I am reading a paper on differential forms. They define it as follows:

A differential $$k$$-form on a domain $$U$$ is a continuous, infinitely differentiable map $$\omega \colon U \to \Lambda^k (\Bbb{R}^{n \ast})$$ where $$\Bbb{R}^{n\ast}$$ is the dual of $$\Bbb{R}^n$$ as a vector space.
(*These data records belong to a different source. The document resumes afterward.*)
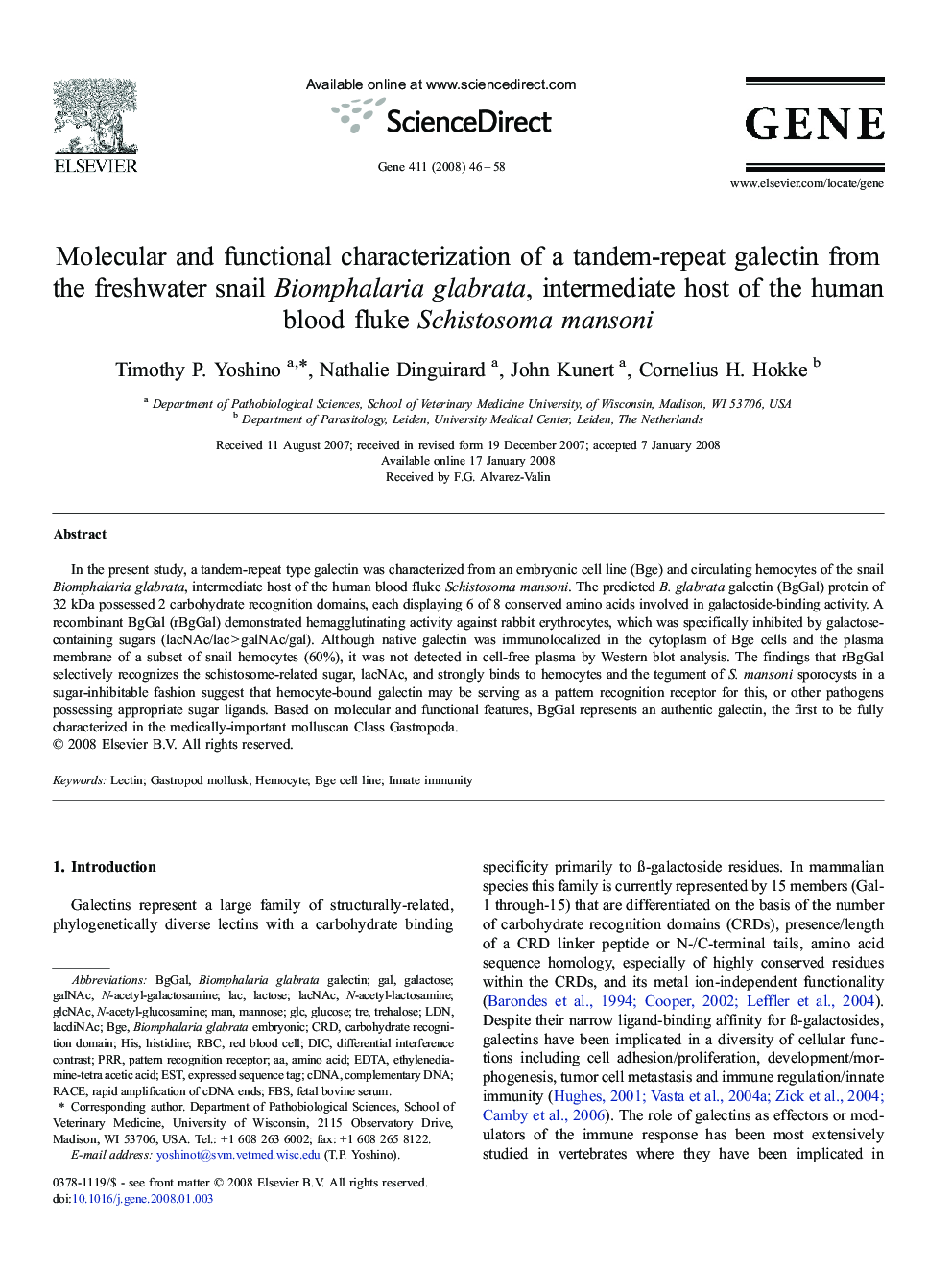 Molecular and functional characterization of a tandem-repeat galectin from the freshwater snail Biomphalaria glabrata, intermediate host of the human blood fluke Schistosoma mansoni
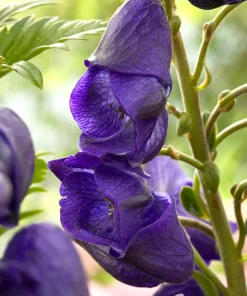 Monkshood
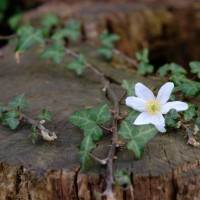 wood stump cut with flowering ivy - garden decoration stock pictures, royalty-free photos & images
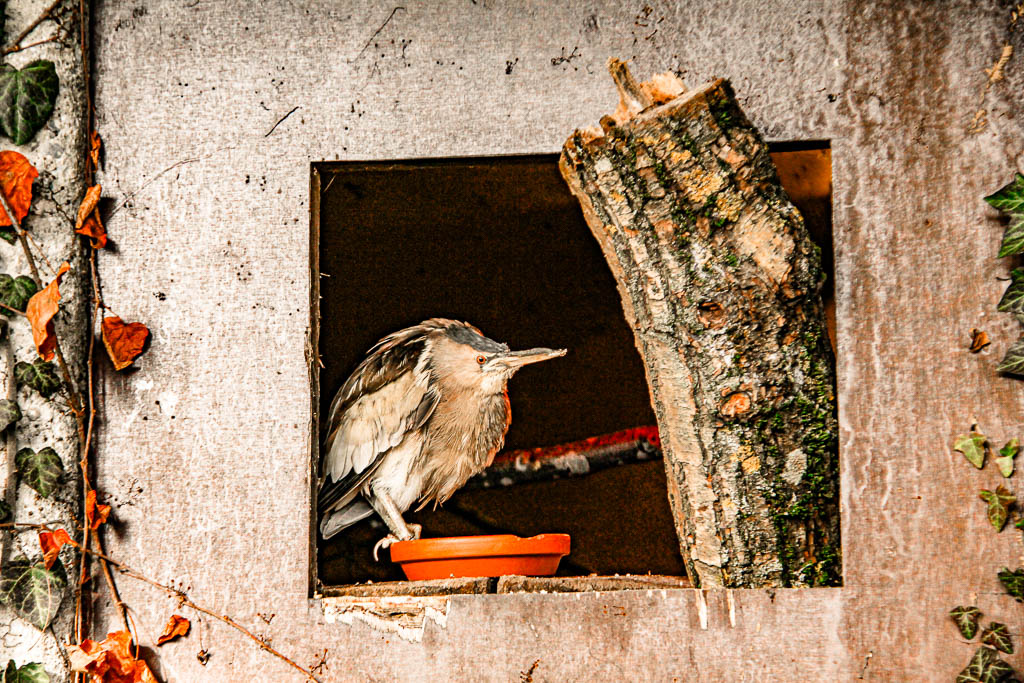 Innsbruck_Austria_amamosviajar -110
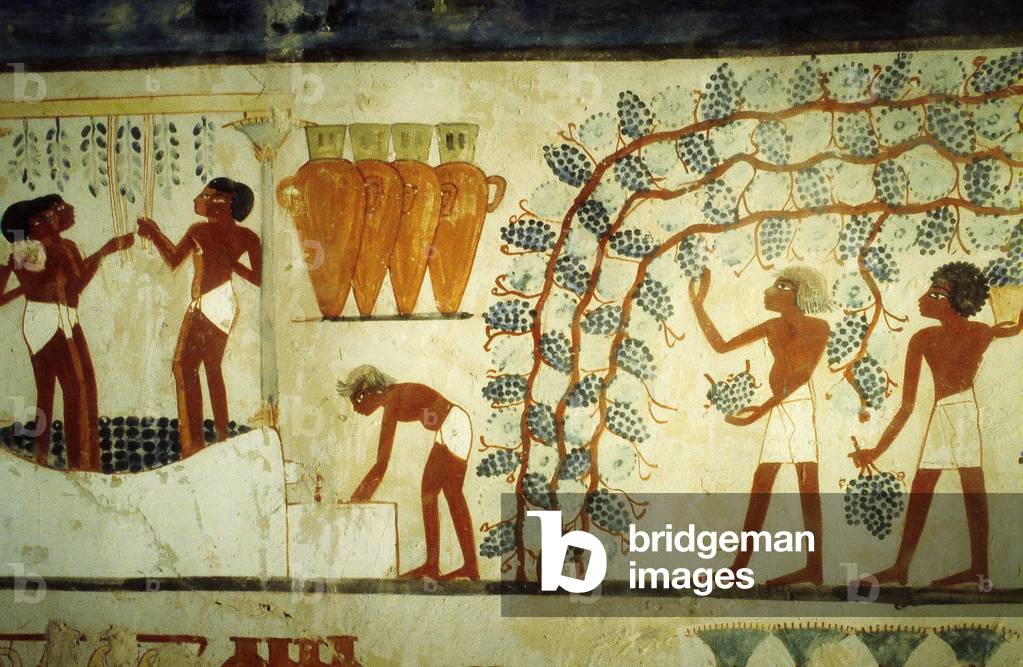 Luxor, Thebes: Left bank of the NIL. Tombs of the Nobles Tombs of MENNA, 18th Dynasty.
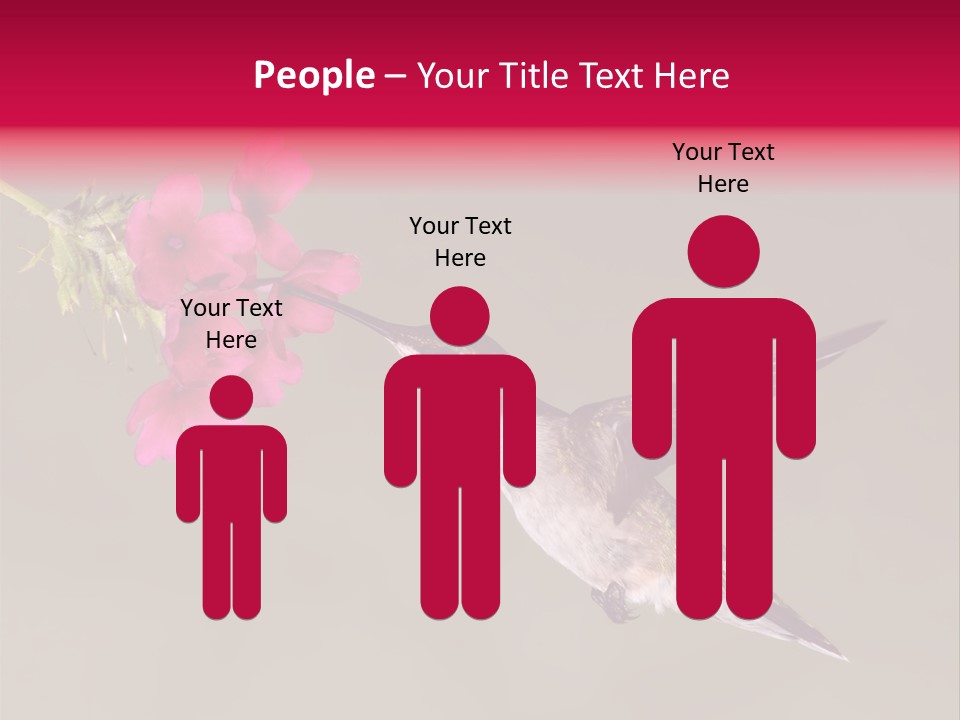 A Hummingbird Feeding From A Pink Flower PowerPoint Template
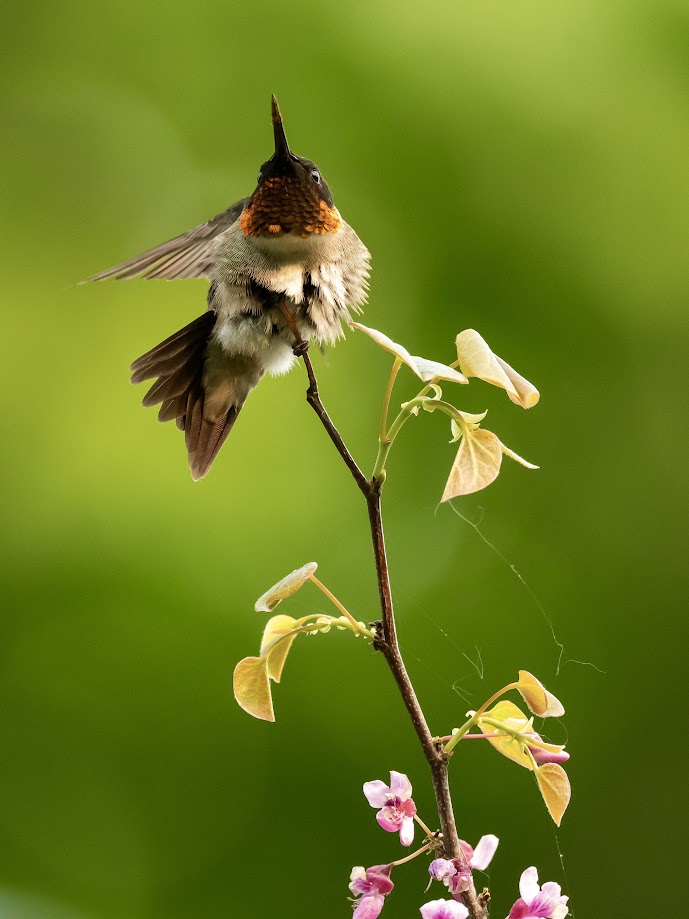 Ruby-throated Hummingbird sitting on a branch with its beak point upward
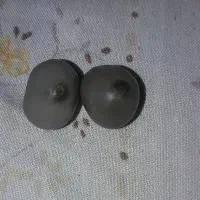 مهره ،مهرگیا یا تخم جن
In particular we may let $$x_1,...x_n$$ be a basis for $$\Bbb{R}^n$$ and let $$dx_i\in \Bbb{R}^{n \ast}$$ be the unique linear map $$\Bbb{R}^n\to \Bbb{R}$$ that satisfies $$dx_i(x_j)=\delta_{ij}$$

It then goes on to make a comment:

Intuitively, we may consider $$dx_1 \wedge ... \wedge dx_k$$ to be an oriented, $$k$$ dimensional volume element

I don't understand this remark. I know $$dx$$ from calculus is supposed to be an infinitesimal change and I also understand that wedge product is intuitively a way of turning vectors into higher dimensional objects.

But forget about wedge products. I don't understand how $$dx$$ defined as $$\delta_{ij}$$ has anything to do with an infinitesimal change.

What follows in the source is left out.